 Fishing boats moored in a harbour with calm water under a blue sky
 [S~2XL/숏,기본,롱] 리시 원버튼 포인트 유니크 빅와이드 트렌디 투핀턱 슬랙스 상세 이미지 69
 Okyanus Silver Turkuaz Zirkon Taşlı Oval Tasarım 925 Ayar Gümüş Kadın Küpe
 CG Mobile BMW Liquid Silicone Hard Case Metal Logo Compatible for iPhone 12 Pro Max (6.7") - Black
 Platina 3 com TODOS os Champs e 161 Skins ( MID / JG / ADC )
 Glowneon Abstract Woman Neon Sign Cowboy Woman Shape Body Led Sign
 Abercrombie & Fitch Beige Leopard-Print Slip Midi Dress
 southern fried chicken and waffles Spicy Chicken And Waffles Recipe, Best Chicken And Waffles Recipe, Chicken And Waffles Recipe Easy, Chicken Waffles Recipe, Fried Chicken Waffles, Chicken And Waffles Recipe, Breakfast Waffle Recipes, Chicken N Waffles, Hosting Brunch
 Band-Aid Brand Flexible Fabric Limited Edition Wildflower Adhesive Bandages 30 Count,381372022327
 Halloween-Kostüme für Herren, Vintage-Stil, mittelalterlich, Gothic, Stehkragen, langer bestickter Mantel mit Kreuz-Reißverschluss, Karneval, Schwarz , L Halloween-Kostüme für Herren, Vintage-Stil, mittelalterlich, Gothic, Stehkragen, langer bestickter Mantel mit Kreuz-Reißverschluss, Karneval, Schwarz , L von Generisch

☆ ☆ ☆

- **Exercise directions**
Using the records above, write out exactly the lines between the one holding "CG Mobile BMW" and the one holding "southern fried chicken", inclusive; leave everything else out.

- **The answer**
 CG Mobile BMW Liquid Silicone Hard Case Metal Logo Compatible for iPhone 12 Pro Max (6.7") - Black
 Platina 3 com TODOS os Champs e 161 Skins ( MID / JG / ADC )
 Glowneon Abstract Woman Neon Sign Cowboy Woman Shape Body Led Sign
 Abercrombie & Fitch Beige Leopard-Print Slip Midi Dress
 southern fried chicken and waffles Spicy Chicken And Waffles Recipe, Best Chicken And Waffles Recipe, Chicken And Waffles Recipe Easy, Chicken Waffles Recipe, Fried Chicken Waffles, Chicken And Waffles Recipe, Breakfast Waffle Recipes, Chicken N Waffles, Hosting Brunch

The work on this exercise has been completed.